The block allocator is where the storage manager derives much of its flexibilty. Rather than keep our heap in a single contiguous region of memory, or one contiguous region per generation, we manage linked lists of memory blocks. Managing contiguous regions is difficult, especially when you want to change the size of some of the areas. A block-structured storage arrangement has several advantages:
* resizing areas of memory is easy: just chain more blocks onto the list.
* managing large objects without copying is easy: allocate each one a complete block, and use the block linkage to
chain them together.
* free memory can be recycled faster, because a block is a block.

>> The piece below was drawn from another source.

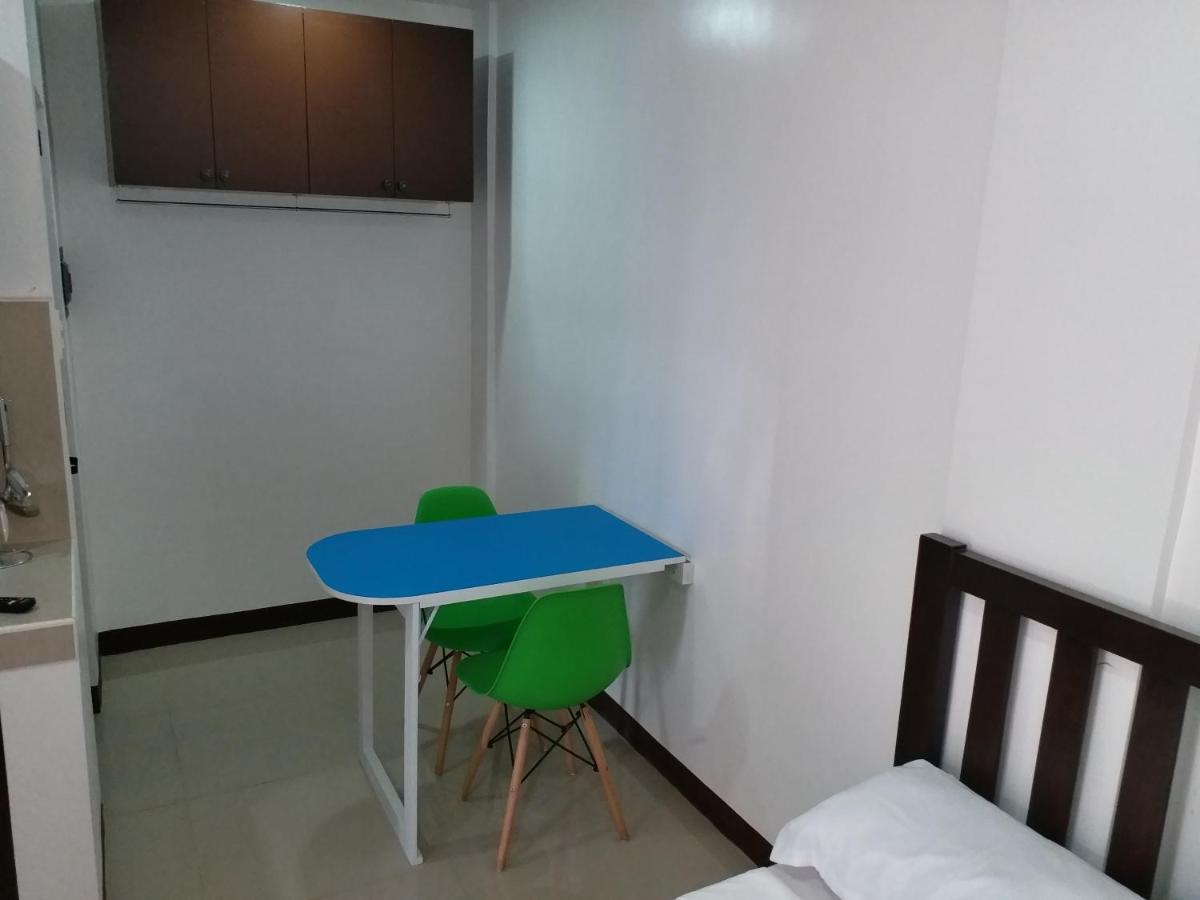 Clark-Pad Inn, Angeles City Eksteriør billede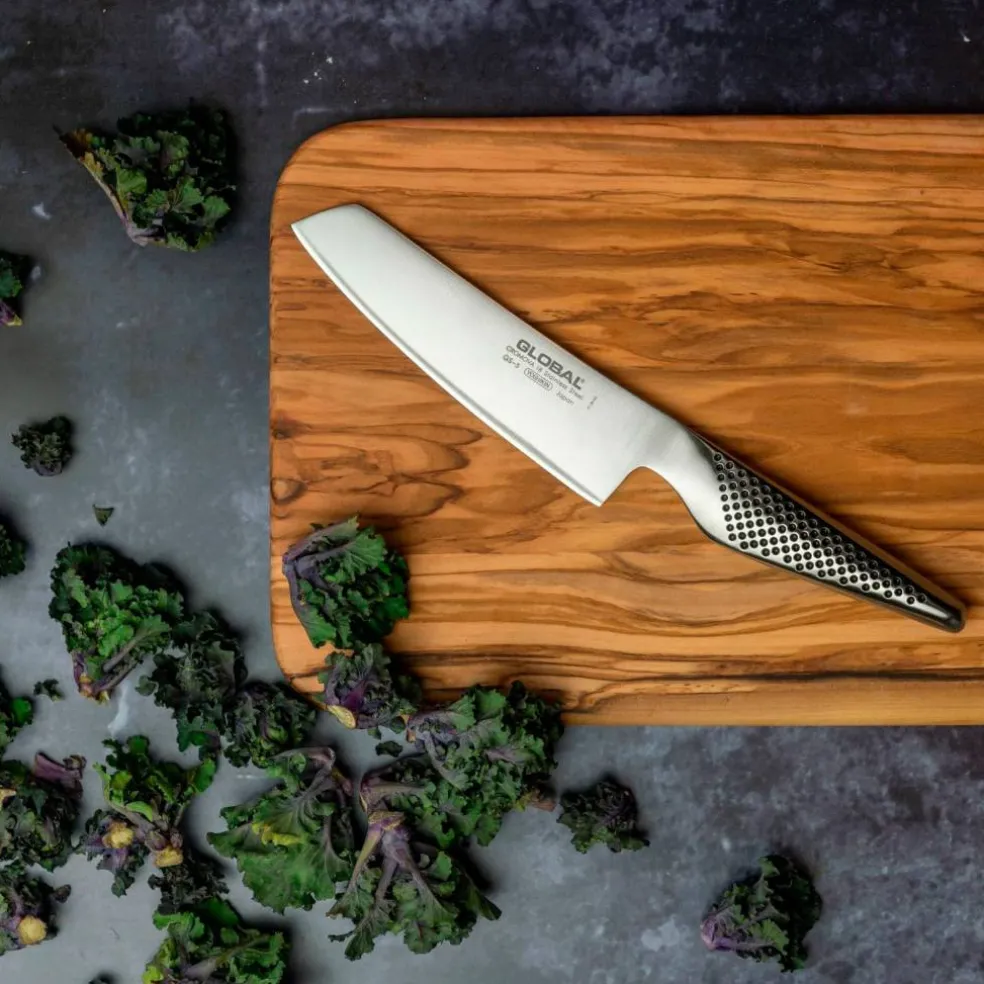 Bakerens valg, knivsett med 5 kniver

The concept relies on the property that most data objects are significantly smaller than a block, and only rarely do we need to allocate objects that approach or exceed the size of a block.
=== Structure of blocks ===
We want to allocate memory in units of a small block (around 4k, say). Furthermore, we want each block to have an associated small structure called a ''block descriptor'', which contains information about the block: its link field, which generation it belongs to, and so on. This is similar to the well-known "BiBOP" (Big Bag of Pages) technique, where objects with similar tags are collected together on a page so as to avoid needing to store an individual tag with each object.
We want a function `Bdescr(p)`, that, given an arbitrary pointer into a block, returns the address of the block descriptor that corresponds to the block containing that pointer.
There are two options:
* Put the block descriptor at the start of the block. `Bdescr(p) = p & ~BLOCK_SIZE`. This option has problems if
we need to allocate a contiguous region larger than a single block (GHC does this occasionally when allocating
a large number of objects in one go).
* Allocate memory in larger units (a ''megablock''), divide the megablock into blocks, and put all the block
descriptors at the beginning. The megablock is aligned, so that the address of the block descriptor for
a block is a simple function of its address. The 'Bdescr' function is more complicated than the first
method, but it is easier to allocate contiguous regions (unless the contiguous region is larger than
a megablock...).
We adopt the second approach. The following diagram shows a megablock:
[[Image(sm-block.png)]]
We currently have megablocks of 1Mb in size (m = 20) with blocks of 4k in size (k = 12), and these sizes are easy to change ([[GhcFile(includes/Constants.h)]]).
Block descriptors are currently 32 or 64 bytes depending on the word size (d = 5 or 6). The block descriptor itself is
the structure `bdescr` defined in [[GhcFile(includes/Block.h)]], and that file also defines the `Bdescr()` macro.
The block allocator has a the following structure:
* At the bottom, talking to the OS, is the megablock allocator ([[GhcFile(rts/MBlock.c)]], [[GhcFile(rts/MBlock.h)]]).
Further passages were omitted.